Zurück aber zu meiner Ankunft am Dom:

Der ursprüngliche Dom wurde im 12. Jahrhundert erbaut und war im Mittelalter eine wichtige Wallfahrtsstätte. Nach mehreren Bränden wurde er im 18. Jahrhundert barockisiert. 1863 wurde er (abgesehen von der Krypta) gänzlich abgerissen, da er baufällig war und das uneinheitliche Erscheinungsbild nicht dem Geschmack der Zeit entsprach. Danach kam es zu einem Neubau im neoromanischen Stil. Die Fresken und Ölgemälde im Inneren wurden Anfang des 20. Jahrhunderts von Joakim Skovgaard geschaffen und zeigen Szenen aus dem Alten und Neuen Testament.
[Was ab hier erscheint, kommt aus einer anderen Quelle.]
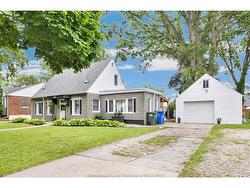 2337 PARKWOOD Avenue Windsor, ON N8W 2K3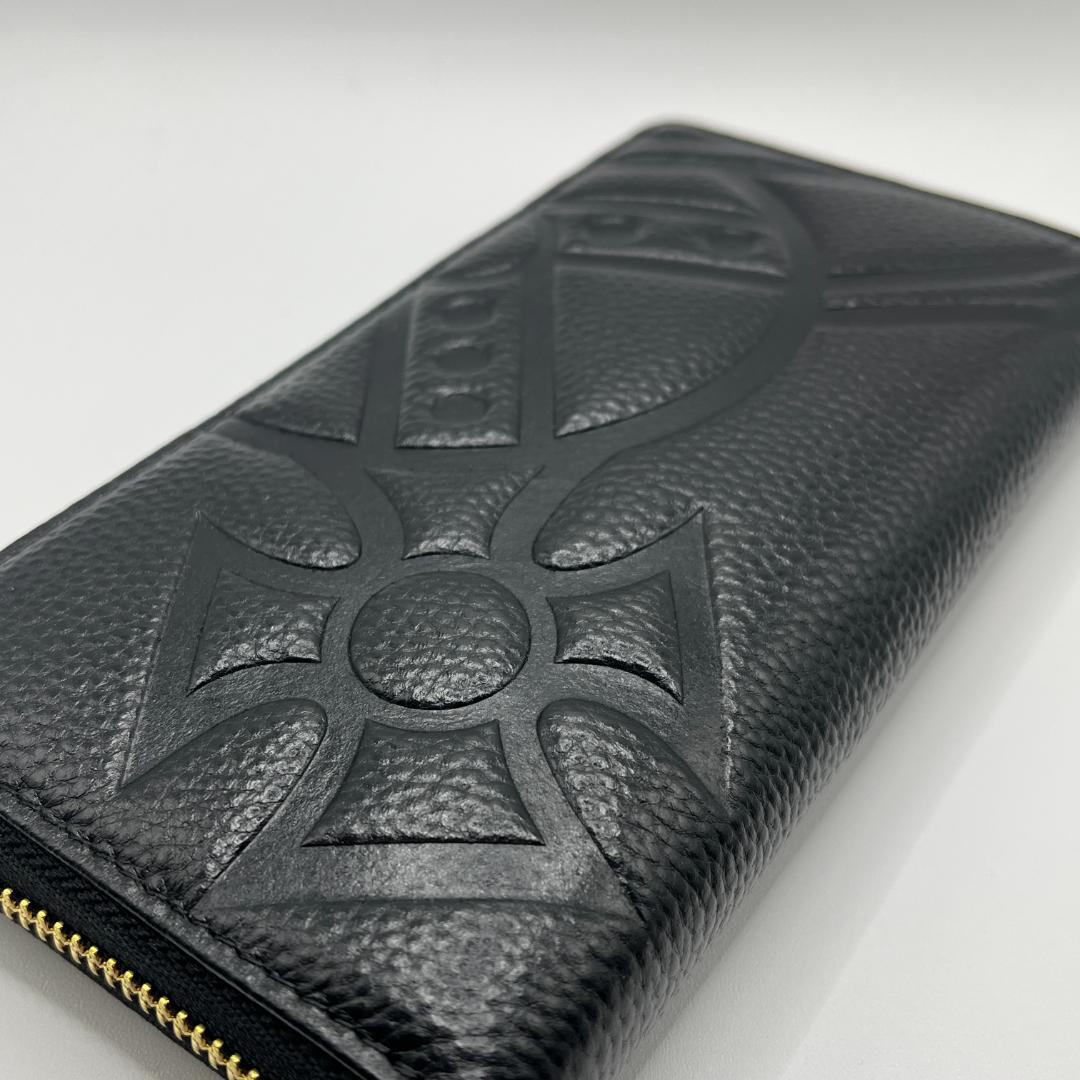 特価 未使用 Vivienne Westwood 長財布 大人気 型押し 黒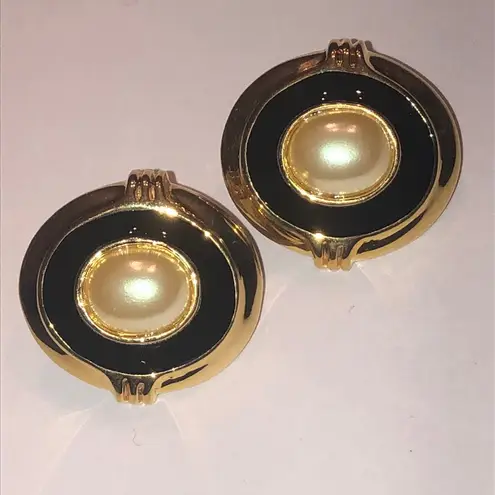 Elegant Vintage Gold Tone and Black Enamel Faux Pearl Retro Classic Earrings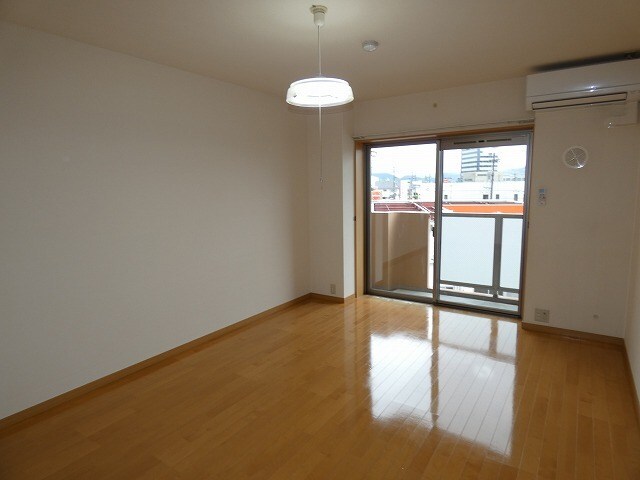 参考：303号室 サンマルコ篠ノ井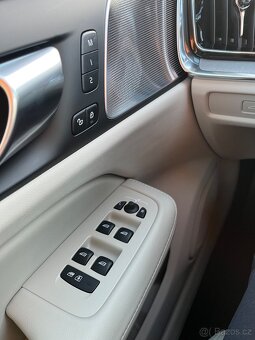 Volvo V60 B4 plus - 17
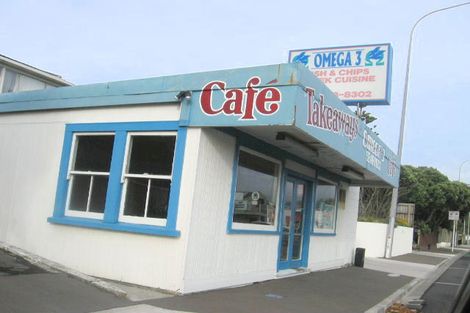 Photo of property in 14 Mana Esplanade, Paremata, Porirua, 5026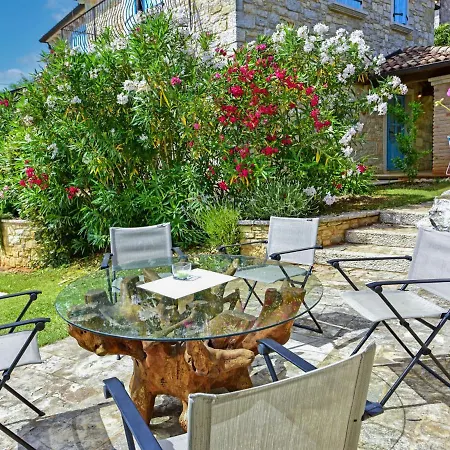 Glicinia By Interhome * Babici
Nach Besichtigung des Doms gönnte ich mir zunächst einen Kaffee im Domcafé, das von Ehrenamtlichen betrieben wird, und ging dann weiter zum Pilgerhaus. Das begeisterte mich zunächst nicht besonders. Es gibt mehrere Schlafräume und die üblichen Gemeinschaftsräume, aber alles wirkt etwas lieblos und schmuddelig. Es ist außerdem sehr verwinkelt mit zig Räumen und Türen und in solchen Gebäuden fühle ich mich alleine oft nicht so wohl. Ich suchte mir also mal ein Bett aus und hoffte auf nette Gesellschaft später.

Ohne Rucksack machte ich mich dann noch auf, um Viborg zu erkunden. Einen erneuten Regenguss saß ich bei einem Orgelkonzert im Dom aus, was auch schön zu meiner Ankunft hier passte.

Danach ging ich kreuz und quer durch Viborg, das äußerst hübsche Gassen und Häuser hat. Die Stadt hat eine reiche Geschichte und war im Mittelalter das kirchliche und politische Machtzentrum von Jütland. Bei einem verheerenden Brand 1726 wurde die Hälfte der Stadt zerstört und brauchte lange, um sich davon wieder zu erholen.

Schade, dass es immer wieder regnete und ich Viborg nicht im Sonnenschein genießen konnte.

Zum Abendessen gönnte ich mir einen Veggieburger, da die Küche in der Herberge gar nicht zum Kochen einlädt, und konnte das WLAN des Lokals auch gleich zum Hochladen meiner vielen Fotos nutzen.

Als ich mich schließlich um 19 Uhr auf den Weg zurück zur Herberge machte, staunte ich nicht schlecht, als mir der dänische Radfahrer von vorgestern entgegenkam. Er übernachtet heute auch hier. Na bitte, „the trail provides“! Damit kam es mir gleich deutlich gemütlicher vor. Wir plauderte vorher auch noch eine Weile und zuletzt kam noch eine Dänin an, die den Weg von hier bis Hirtshals laufen (also joggen) möchte. Gibt es also mehr von der Sorte als nur den Engländer! 🙂

Und damit verabschiede ich mich für einige Tage – aber Fortsetzung folgt!

2 Comments

  • Konstanze

    Der Bilderteppich ist ja großartig! Allein schon die ganzen Details in den kleinen Stücken am Rand (der Runenstein!) sind beeindrucken.

    Und wieder eine wunderschöne Landschaft, durch die du da gewandert bist. Sind die Holzstege bei dem Regen eigentlich rutschig oder lässt es sich gut darauf gehen?

    Ich wünsche dir eine wunderschöne Urlaubswoche mit deinem Freund! Hoffentlich können sich deine Füße dann soweit erholen, dass du den zweiten Teil deiner Wanderung ohne Probleme genießen kannst.